Whitewater, the Arkansas land deal that has stirred so much controversy for the White House, is often dismissed by President Clinton as nothing more than a hapless effort to make a modest profit by building a dream retirement haven in the Ozarks.
"It's an investment I made 15 years ago that lost money instead of made money because the property market turned around at home," Clinton said recently. "It's a simple, straightforward thing, and it'll be shown to be."
But new evidence made public last week, taken together with what was already known, makes it clear that Whitewater was not quite that simple.

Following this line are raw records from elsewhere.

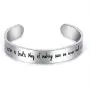 LParkin Sister Gifts from Sister Bracelets A Sister is Gods Way of Making Sure We Never Walk Alone Stainless Steel Polished 6”3/8” LParkin Sister Gifts from Sister Bracelets A Sister is Gods Way of Making Sure We Never Walk Alone Stainless Steel Polished 6”3/8”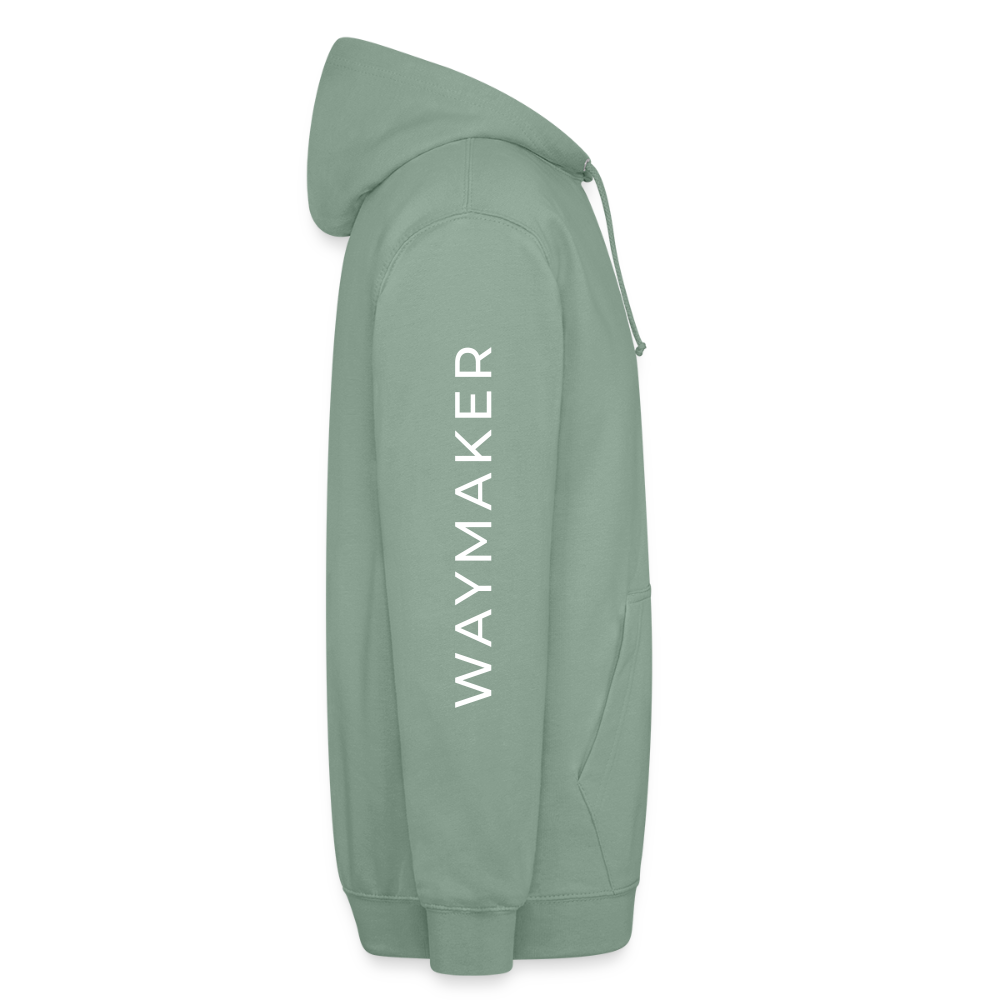 Waymaker Brand - Unisex Hoodie Sideprint - Graugrün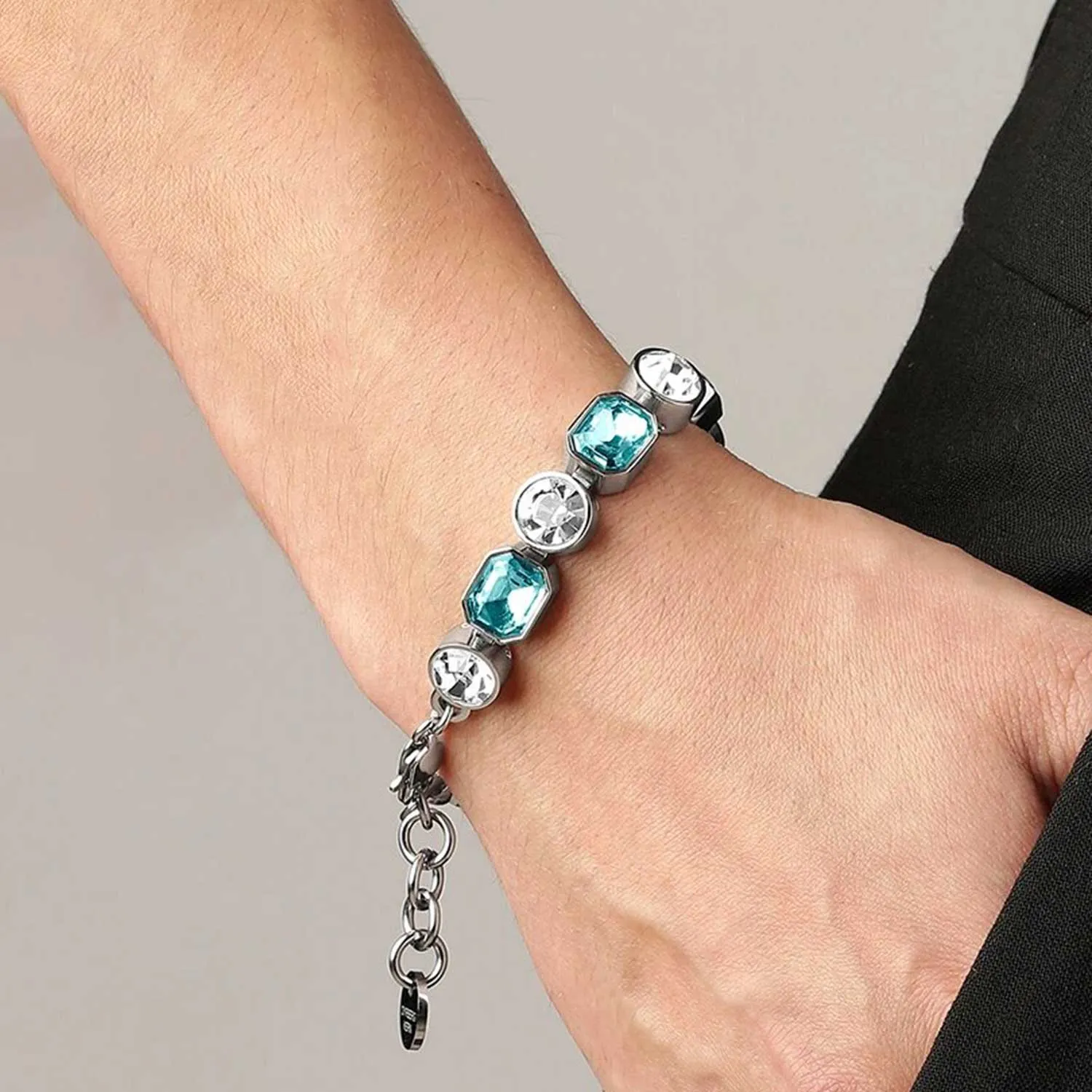 Dyrberg/Kern Jewellery Dyrberg/Kern - Alaya SS Aqua & Crystal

While the President and First Lady Hillary Rodham Clinton--as they insist--may have known nothing about any wrongdoing, federal investigators have found substantial evidence suggesting that the land development firm was entangled in something that went well beyond selling lots for houses.
The Whitewater project, investigators now believe, was part of a labyrinthine system of financial juggling and speculation operated by James B. McDougal, a Little Rock, Ark., real estate developer who was the Clintons' financial partner in the Whitewater deal and the head of the now-defunct Madison Guaranty Savings & Loan.
Federally insured funds from McDougal's S&L;, which eventually collapsed at a cost of at least $47 million to taxpayers, allegedly moved so freely among his various enterprises--including the Whitewater project--that one federal investigator called the whole scheme a "massive check-kite."
The exact nature of the Clintons' involvement in the overall enterprise, and the extent of their knowledge about its affairs, remain uncertain.
Even though the Clintons' public statements and tax records indicate that they lost $46,635.75 as a result of their investment in the Whitewater endeavor, they were named as "possible beneficiaries" of McDougal's activities in documents forwarded to the Justice Department by officials of the Resolution Trust Corp., which investigated Madison Guaranty and related businesses.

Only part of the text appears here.